Le garçon se crispa ; quand on parle de Bébé, voilà qu'il finit par faire entendre sa voix. Un petit chouinement, rien de plus. Seulement de quoi faire grimacer Jules. Il annonçait cependant la crise infernale imminente. Encore une.
— N'est-ce pas, Jules ?
Il hocha la tête à l'insistance de sa mère. Sans forcer pour ne pas plus énerver le bambin. En triturant Amé, le garçon fit face aux airs ravis de ses parents et grands-parents. Jérémy et Diane, eux, baissèrent la tête, gênés. Sans doute cette dernière avait-elle été mise au courant de sa réaction passée. Jules n'osa plus la regarder.
Enfin, les assiettes se vidèrent. L'adolescent, muni de ses connaissances de physique, aurait bien deviné la température atteinte par les plats, après trois quart d'heures à refroidir. En chœur, on assura à Suzanne que le repas était succulent.
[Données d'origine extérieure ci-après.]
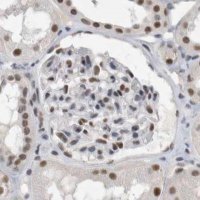 Anti-RBM6 antibody produced in rabbit 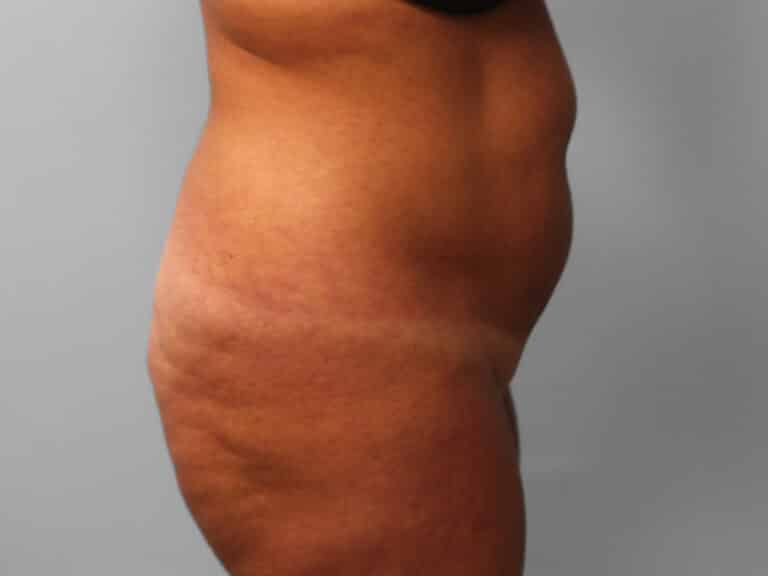Before Image: Abdominoplasty & Lipo – Dr. Tucker - right-side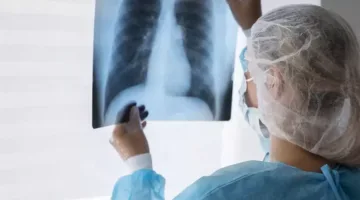 انهيار الرئة قد يؤدي إلى الوفاة.. تعرف على العلامات وأساليب العلاج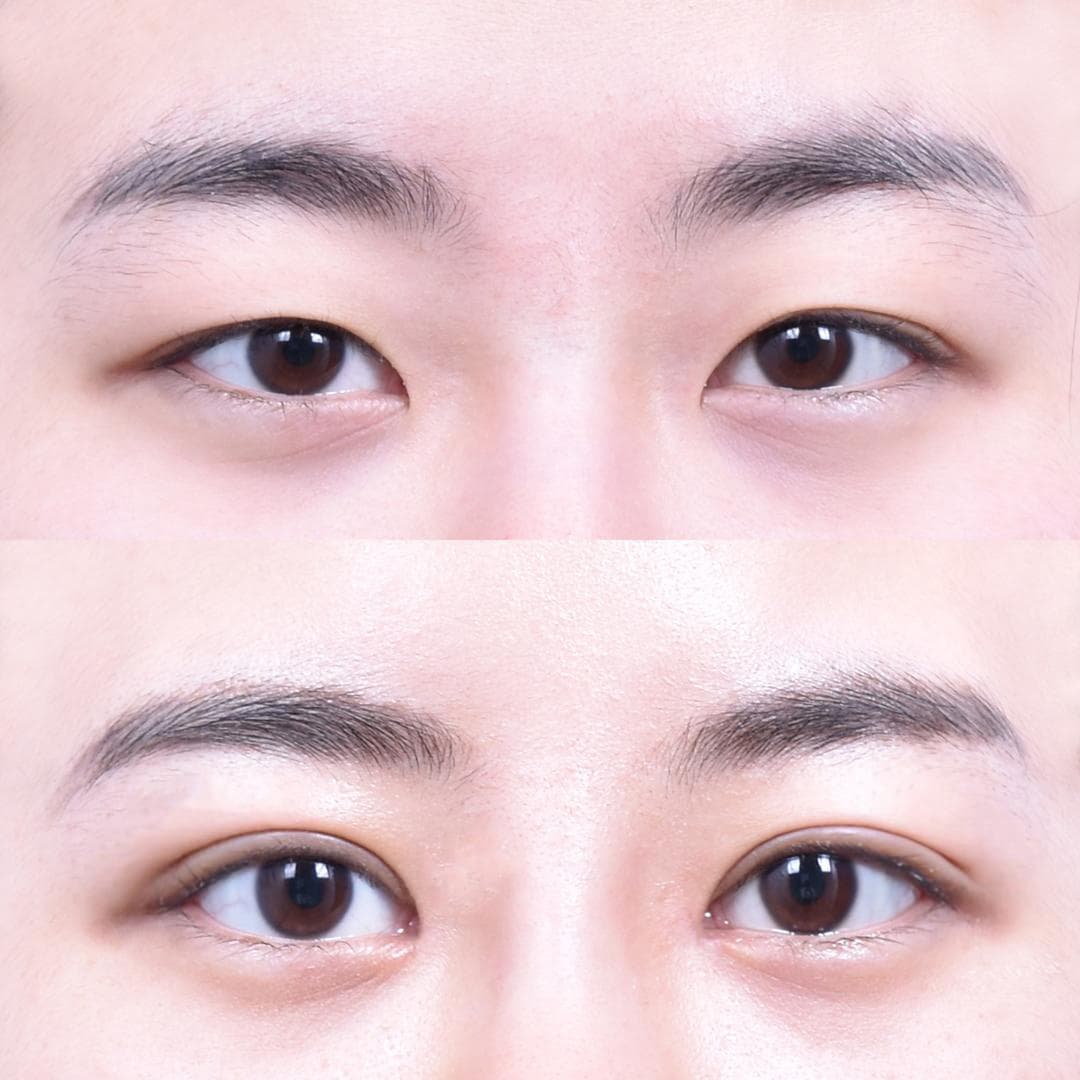 Non-Incisional Eye Lid Correction · Epicanthoplasty · Superior Epicanthoplasty (3 Weeks Post-Op) 1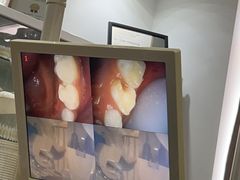 -赫尔森口腔·牙齿种植修复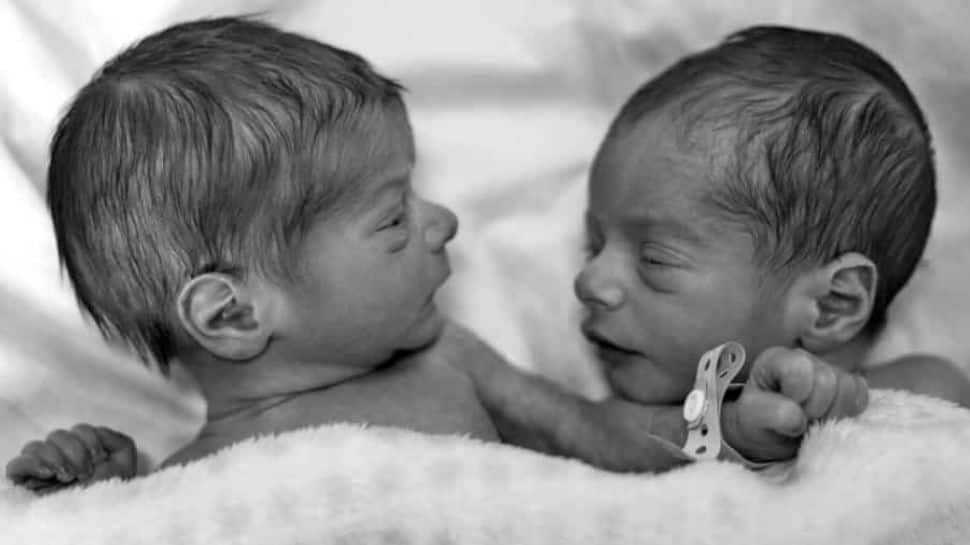 இது என்னடா புதுசா இருக்கு; இரட்டை குழந்தை ஆனா இரட்டையர்கள் இல்ல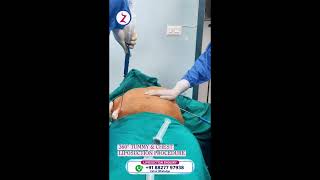 Liposuction surgery in delhi Lucknow Raipur Kolkata surat baroda jaipur patna ranchi hyderabad pune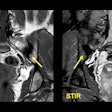 2024 01 25 Mri Insider Slide 15 Thumbnail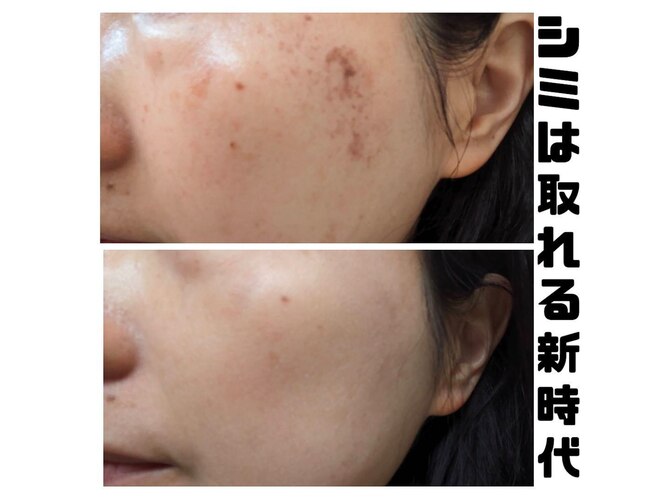 ビセラ(Vicella)｜ホットペッパービューティー 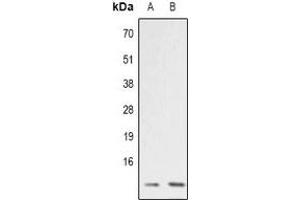 Western blot analysis of ATP5I expression in RT4 (A), COLO205 (B) whole cell lysates. (ATP5I antibody)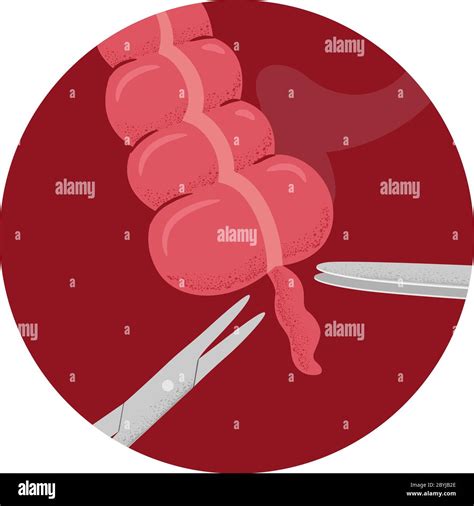 Illustration Of Appendectomy Surgery Removing The Appendix With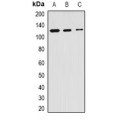 LifeSab™ SKIV2L2 Rabbit pAb (50 µl)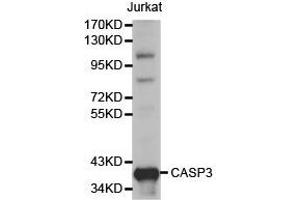 Western Blotting (WB) image for anti-Caspase 3 (CASP3) antibody (ABIN1871461) (Caspase 3 Antikörper)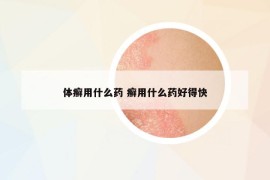 體癬用什么藥 癬用什么藥好得快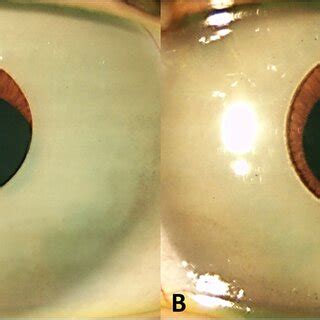 Cosmetic iris implants located in the anterior chamber with iris ...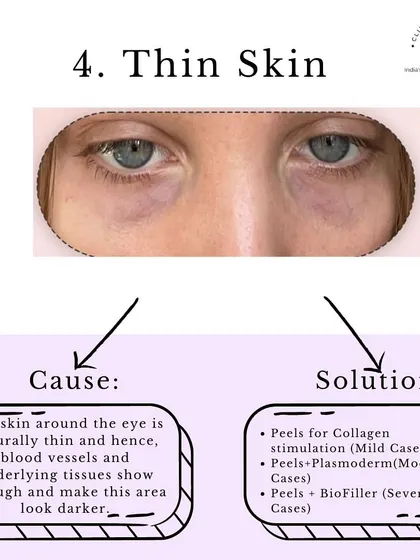Problem: Thin Skin. The skin around the eye is naturally thin, allowing blood vessels to show through. We can address this with collagen-stimulating peels, PlasmoDerm, or BioFiller to thicken and strengthen the skin.
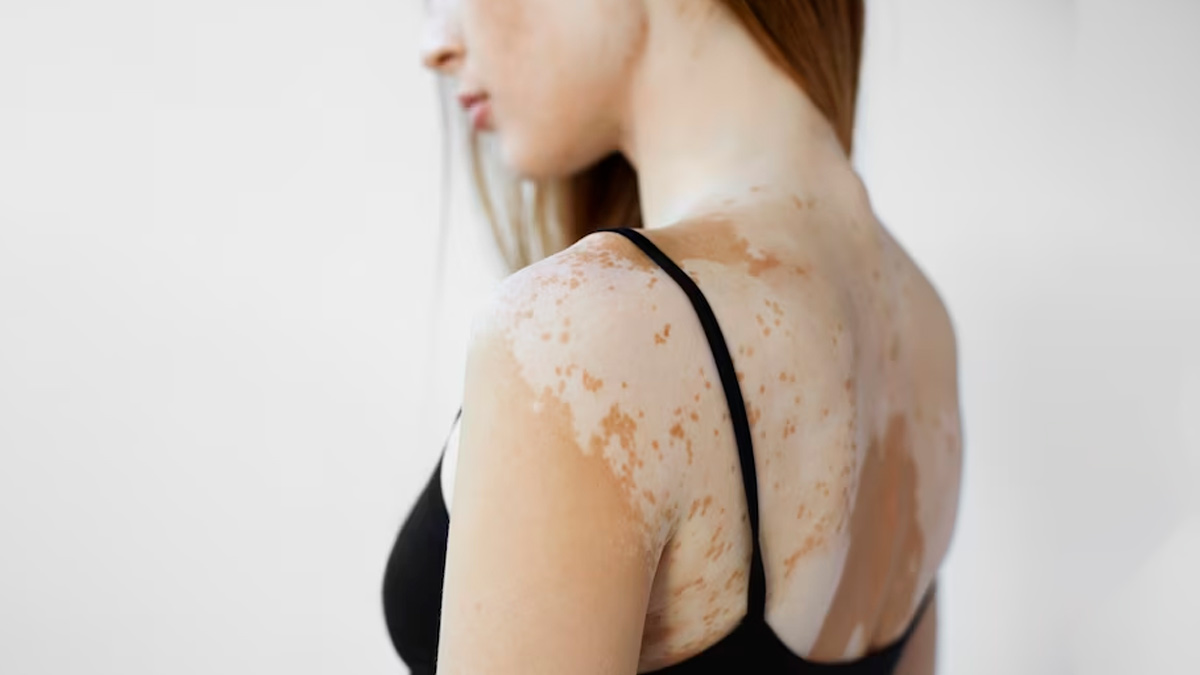 Breaking Down The Myths: Understanding Vitiligo And Promoting Inclusivity
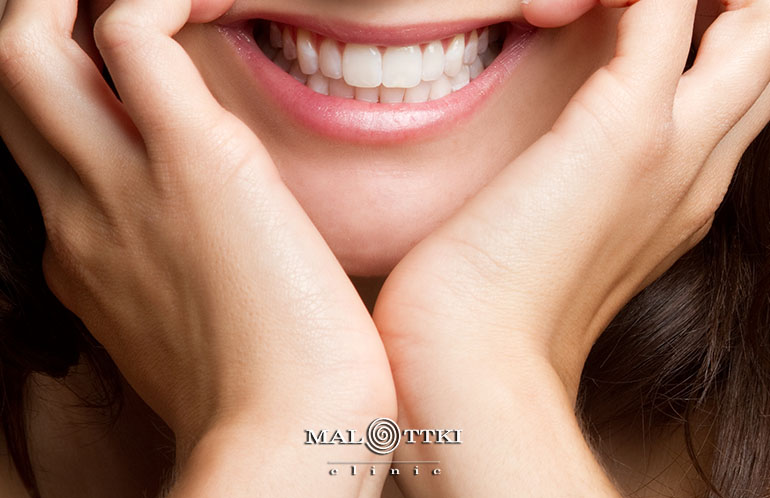 fluoryzacja zębów opole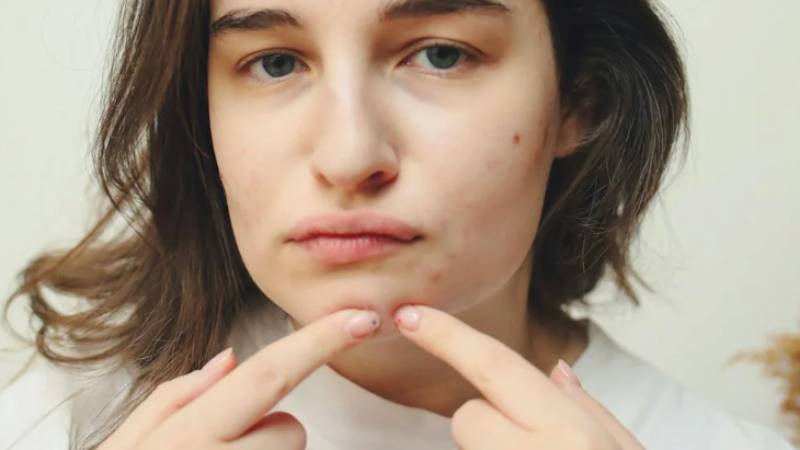 tiny-black-dots-on-skin-suddenly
Seul Gérard ajouta un petit bémol : la dinde, un peu trop froide à son goût.
Le fromage sacré suivit, puis, la grand-mère amena la bûche au chocolat. Noël oblige, son mari réclama la distribution des cadeaux. Sous les cris du Petit papa Noël, on invita Jules à rejoindre le sapin.
Bébé se montra encore assez supportable pour permettre au garçon de tourner la tête. D'un pas lasse, il rejoignit l'arbre au coin du salon. Chétif, le poids des guirlandes manquait de le faire crouler. Il apparaissait à Jules beaucoup plus petit que ceux de ses premiers souvenirs. Pourtant, sa grand-mère lui assurait n'avoir jamais changé de dimensions.
Puisque son rôle d'enfant le lui imposait, le garçon distribua un à un les cadeaux. Comme le sapin, leur taille rapetissait au fil des années, et cette fois-ci, rien à voir avec une impression.
Dès qu'il se penchait pour attraper un paquet, Bébé se montrait mécontent. Sa tête lui lança lorsqu'il déchiffra un nouveau prénom. Malgré tout, Jules distribua les cadeaux. À son grand-père, puis à Diane, son grand-père à nouveau, sa mère ensuite. Tous aussi fins les uns que les autres, leur format suffisait à deviner qu'ils renfermaient pour la plupart de futiles cartes cadeaux.
Une fois le sapin seul, on se débarrassa des papiers. Jules découvrit un nouveau portable dans sa pile de cadeaux. Amélie se tourna vers lui pour s'assurer qu'il en soit ravi. Il l'était, ou du moins le serait davantage plus tard, lorsque Bébé se serait calmé. Le garçon remercia sa famille, en espérant qu'il n'ait pas fait trop mauvaise figure.
Minuit dix sonna ; les emballages dépassaient de la poubelle. Jules avala sa part de bûche, puis, lorsqu'il ne resta plus que les tasses de cafés et les discussions d'automobiles autour de la table, le garçon s'éclipsa. Ainsi le lui permettait son éphémère rôle d'enfant, car quitte à l'être, autant en profiter.
C'est bon Bébé, tu vas l'avoir ton médicament. Pas besoin de hurler !
Il attrapa sa trousse laissée dans le vestibule, puis monta les escaliers. À l'étage, le garçon s'enferma dans la chambre d'amis et se laissa tomber sur le lit. Les chants de Noël résonnaient encore un peu entre les murs tapissés, mais au moins, il n'entendait plus la voix aiguë de sa mère.
La tête lourde, Jules sortit de sa trousse une bouteille d'eau et un cachet. Il le fallait, vite, ou alors Bébé deviendrait plus insupportable qu'Amélie et le lecteur CD de son grand-père réunis. Et même bien plus.
Vite, il dévissa le bouchon. À en oublier presque de respirer. Si Jules attendait trop pour le calmer, alors un médicament ne suffirait pas à endormir l'insupportable.
Une fois le cachet lancé dans sa bouche, il amena la bouteille au bord des lèvres. L'eau glissa le long de sa gorge, quand une ombre violette sortit de sa poche.